Author : Newton C. A. da Costa
ISBN : 0198035535
Genre : Philosophy
File Size : 77. 41 MB
Format : PDF, ePub, Docs
Download : 363
Read : 477

Get This Book


In the past thirty years, two fundamental issues have emerged in the philosophy of science. One concerns the appropriate attitude we should take towards scientific theories--whether we should regard them as true or merely empirically adequate, for example. The other concerns the nature of scientific theories and models and how these might best be represented. In this ambitious book, da Costa and French bring these two issues together by arguing that theories and models should be regarded as partially rather than wholly true. They adopt a framework that sheds new light on issues to do with belief, theory acceptance, and the realism-antirealism debate.

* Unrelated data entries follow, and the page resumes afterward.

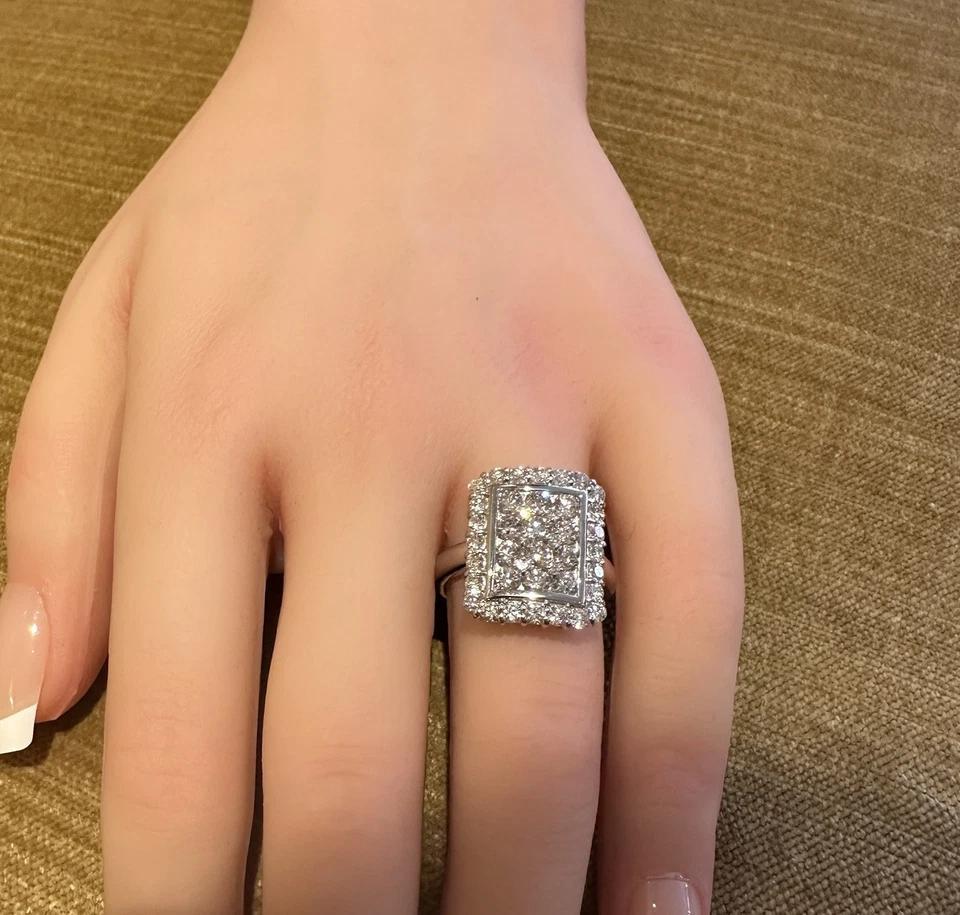 Anello rettangolare con pavé di diamanti con peso totale di 2,00 carati in platino in vendita 2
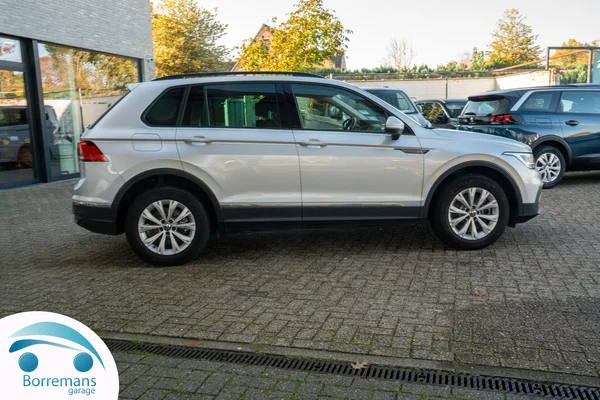 Volkswagen Tiguan (2023) — foto 42 van 43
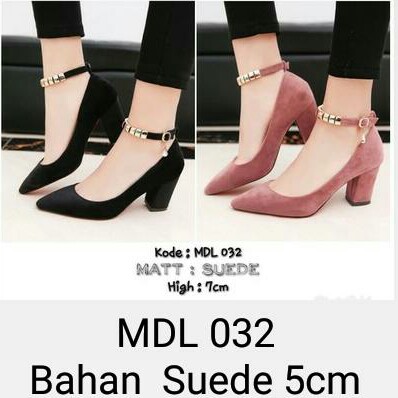 MDL 032 Hils Cantik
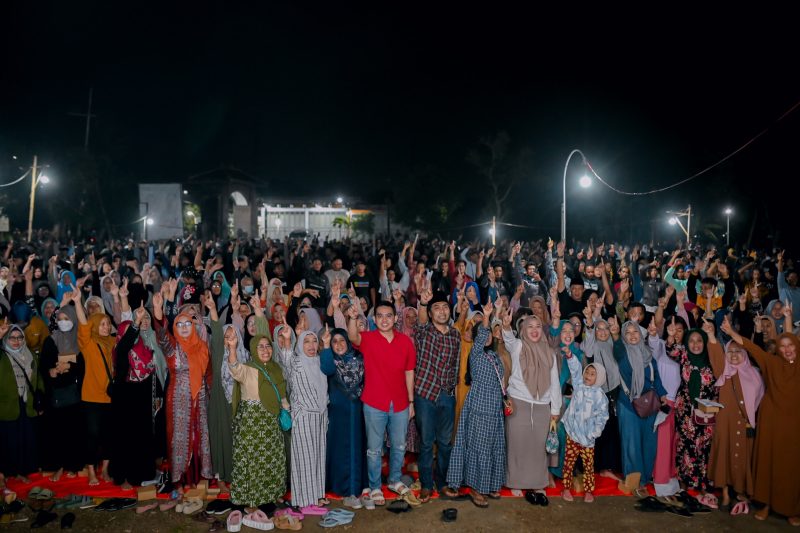 Ribuan relawan dan simpatisan Paslon MADIUN MENYALA memadati kampanye di Kecamatan Dagangan, Sabtu (9/11/2024) malam.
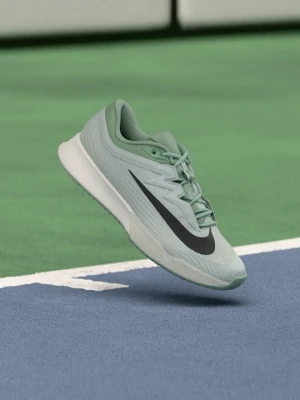 Buty tenisowe uniwersalne Nike srebrny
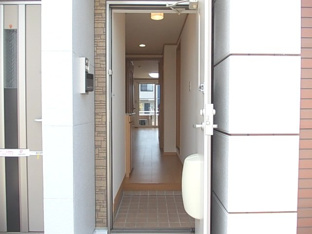 シンプルで使いやすい玄関です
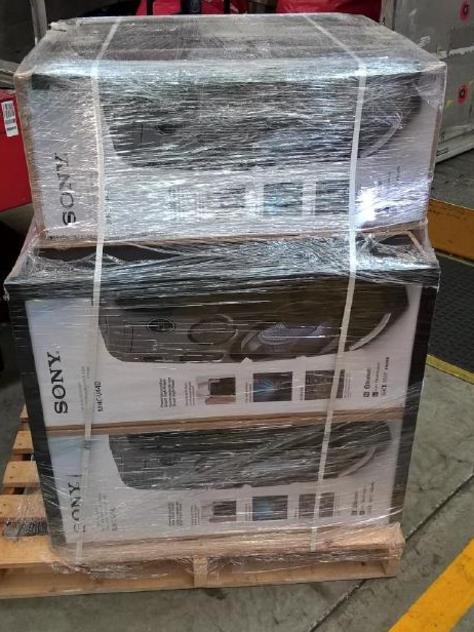 How the speakers were packaged.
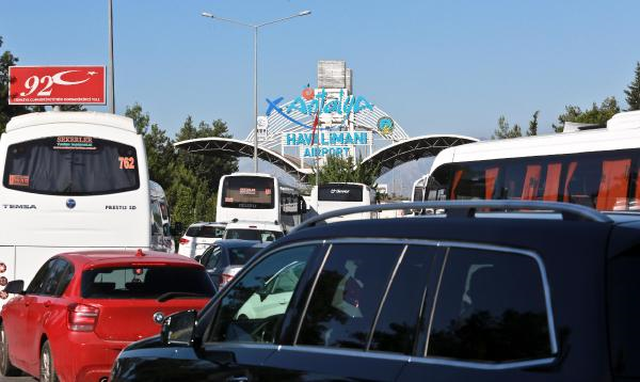 Antalya Havalimanı'nda 'Güvenlik Kuyruğu' Sürüyor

The new machinery of "partial structures" that they develop offers a new perspective from which to view the nature of scientific models and their heuristic development. Their conclusions will be of wide interest to philosophers and historians of science.

The Scientific Image

Author : Bas C. Van Fraassen
ISBN : 0198244274
Genre : Science
File Size : 56. 70 MB
Format : PDF, Docs
Download : 351
Read : 1143

Get This Book


The aim of The Scientific Image is to develop an empiricist alternative to both logical positivism and scientific realism. Against positivism, the author insists on a literal interpretation of the language of science, and on an irreducibly pragmatic dimension of theory acceptance. Against realism he argues that the central aim of science is empirical adequacy, and that the only belief involved in the acceptance of a scientific theory is belief that the theory fits the observable phenomena. To substatiate this, the book presents three mutually supporting theories concerning science. The first is an account of the relation between a scientific theory and the empirical world. The second is a new theory of explanation and why-questions, according to which the explanatory power of a theory is a pragmatic aspect which goes beyond its empirical import, but which provides no additional reasons for believing it. And the third is an interpretation of probability in physical theory, with reference to both classical and quantum physics. The presentation of these three central theses is preceded by two chapters which provide an informal introduction to current debates in the philosophy of science, particularly concerning scientific realism.